In the entries below, find the line with "Healthy Chocolate Chip Pancakes" and the line with "Big Face Damen", then retype both and everything between them exactly. Do not copy the pictures.

- - - -

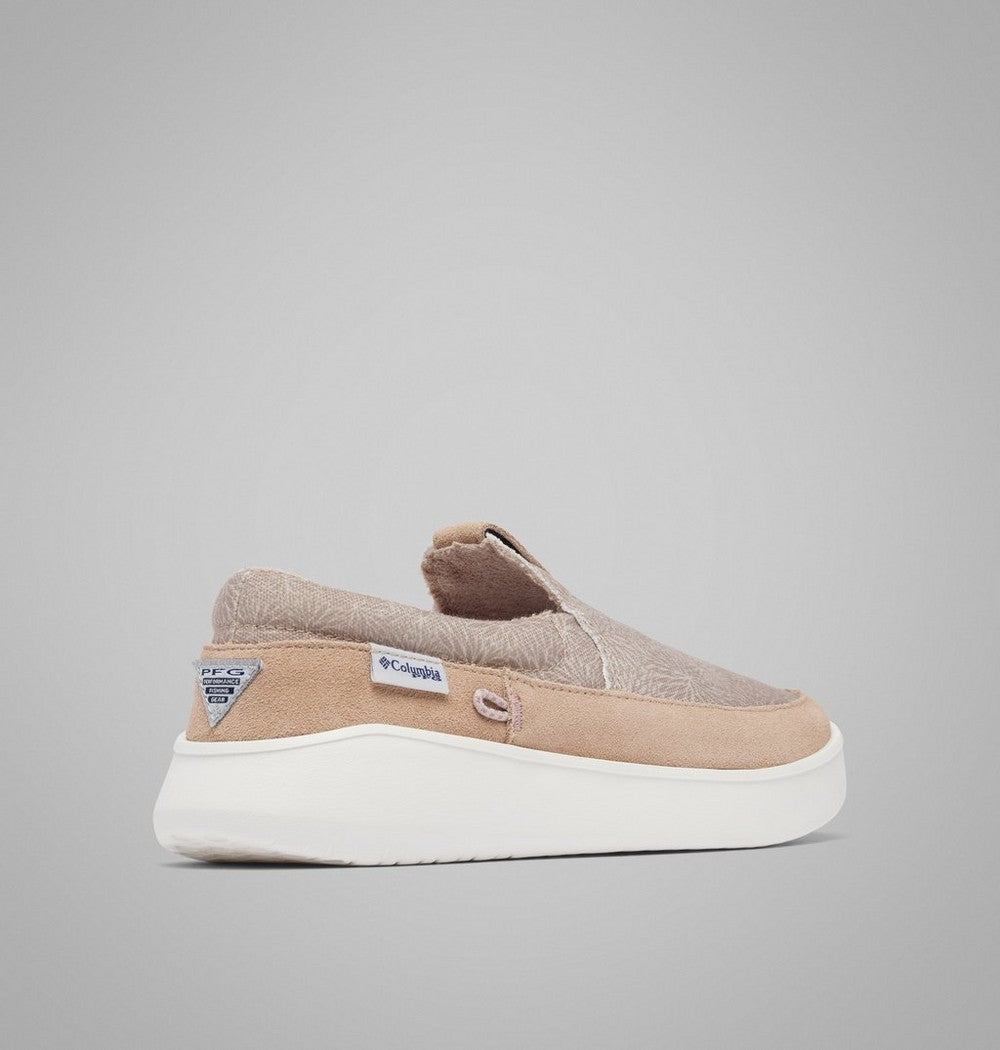 Women's Canvas Deck Shoe - Tan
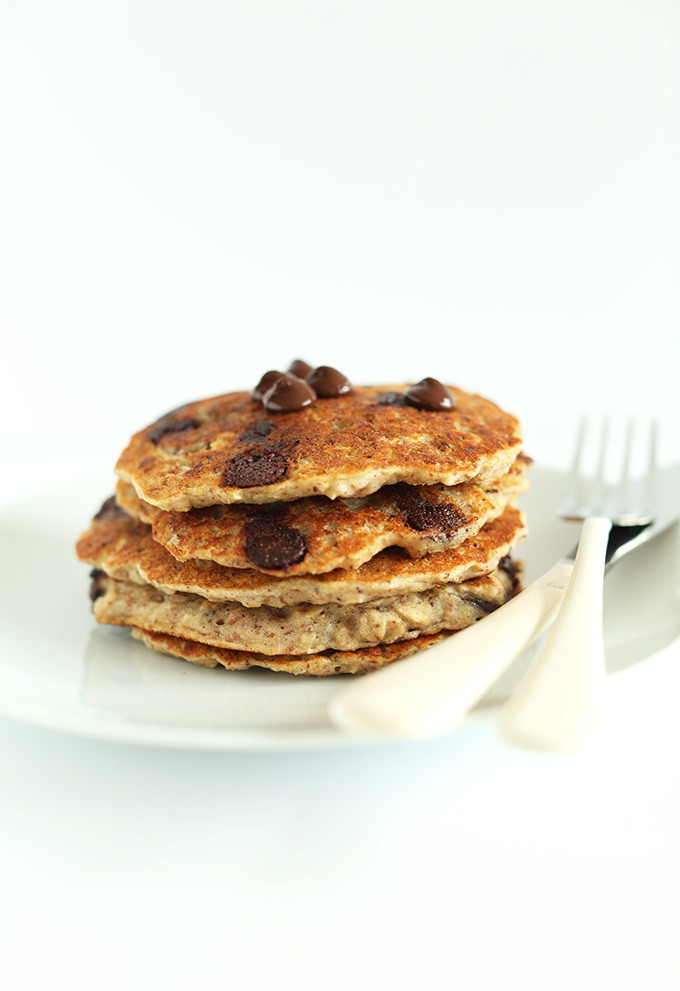 Healthy Chocolate Chip Pancakes
 Healthy Chocolate Chip Oatmeal Cookie Pancakes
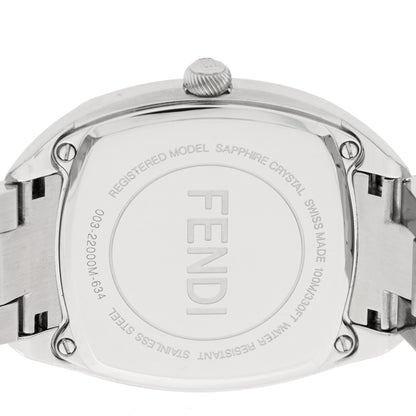 Fendi Stainless Steel Diamond Mother of Pearl 32mm Momento Quartz Watch 4 of 4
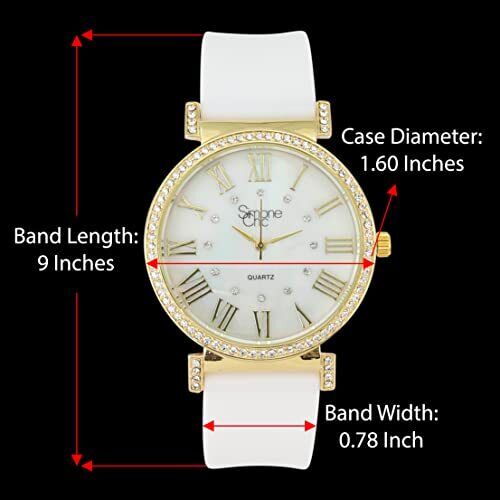 Big Face Damen Gummi bunte Uhr Touch of Female Promi - ST10800T Tennis - Bild 14 von 90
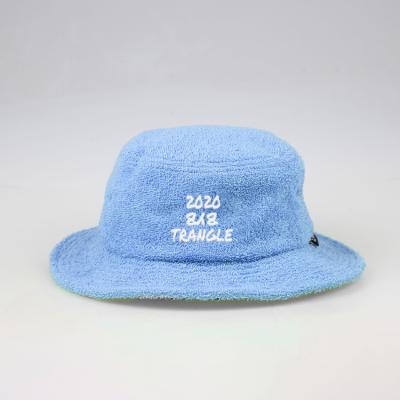 China High Quality Terry Towel Cloth Bucket Hat Character Embroidery for sale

- - - -

> _SOLVED EXERCISE_:
 Healthy Chocolate Chip Pancakes
 Healthy Chocolate Chip Oatmeal Cookie Pancakes
 Fendi Stainless Steel Diamond Mother of Pearl 32mm Momento Quartz Watch 4 of 4
 Big Face Damen Gummi bunte Uhr Touch of Female Promi - ST10800T Tennis - Bild 14 von 90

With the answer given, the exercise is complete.